Is there a world where Trump being in charge is actually meant to do some good?
Or does that question sound as crazy as it feels?
Because everything in my mind, in my faith, and in what I believe is telling me this is wrong. That he is wrong.
What test are we going through right now? What are we supposed to be learning from this? Or has it become so normalized, so deeply embedded in our society, that we’ve just allowed it to happen?
I don’t, for the life of me, understand how we are here.
People joke about this being the apocalypse or the end of the world, and weirdly, I have no fear about it. I genuinely feel at peace because I know I’ve lived a life that is pleasing to God. I’ve lived my faith the best way I know how—by loving and accepting everyone, and by truly trying to follow the example of Christ.
But then... I start to doubt.
Because even when you feel like you’ve done the right thing, it’s the opposite that seems to keep winning.

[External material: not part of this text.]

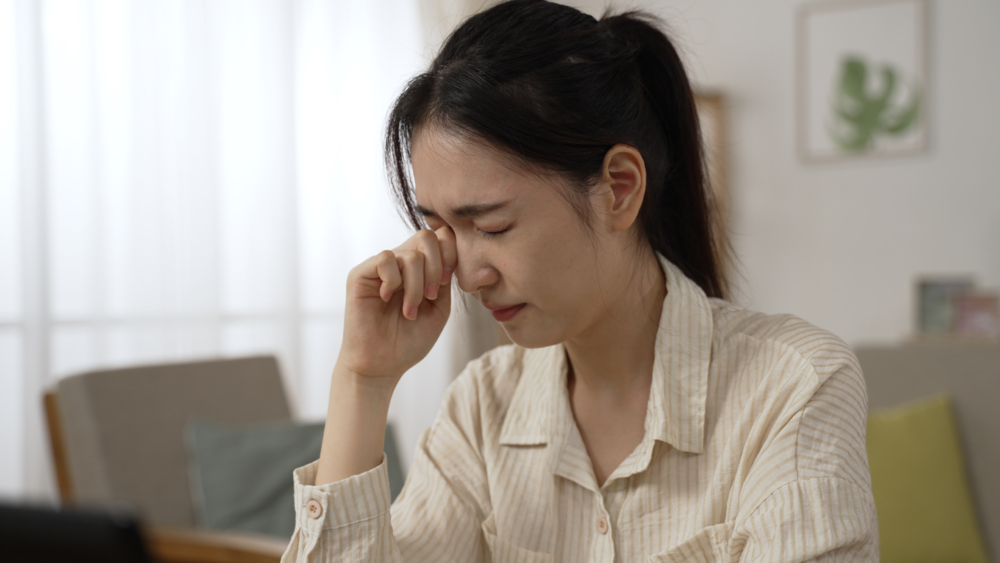 該如何讓女兒學會感恩朋友的好意，但同時也懂得禮物並非隨時都能收下？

And it makes me question everything.
Am I wrong to question?
Is it because I’ve wondered? Because I’ve wrestled and searched and stayed open?
Meanwhile, others have stood so confidently—so arrogantly—steadfast in a version of faith that continues to hurt people. And yet they keep winning.
Is their fake trust in God stronger than my willingness to actually live like Christ?
And that’s when I remember: discernment is a gift. But it’s also a burden. It’s a burden to see clearly when others refuse. It’s a burden to open yourself up and ask hard questions when others settle for comfort. And sometimes it’s a burden to stay rooted in love when it’s so much easier to succumb to fear and power when those things seem to dominate every landscape.
Discernment means not turning off your brain for the sake of blind loyalty. It means testing the spirit of a thing, not just the appearance of it. And it means being willing to walk the lonelier road if it means staying true to yourself and your beliefs.
I don’t think I’m wrong to question. I think I’d be wrong if I didn’t.
My spiritual maturity isn’t about having unshakable certainty. It’s about humility and knowing that faith without love doesn’t reflect God or the way of Jesus, and that righteousness without justice is a lie.
Still, in the middle of all this, one thing remains true for me: I would rather die knowing I did the right thing—knowing I stood by people, defended the vulnerable, and loved others the way Jesus told us to—than to live every day obsessed with the afterlife and never do a single thing to help anyone while I’m here.
Because when the truth is revealed—and it always is—I want to know that I chose love, people and justice.
And I can live with that, even if I have to carry my questions along the way.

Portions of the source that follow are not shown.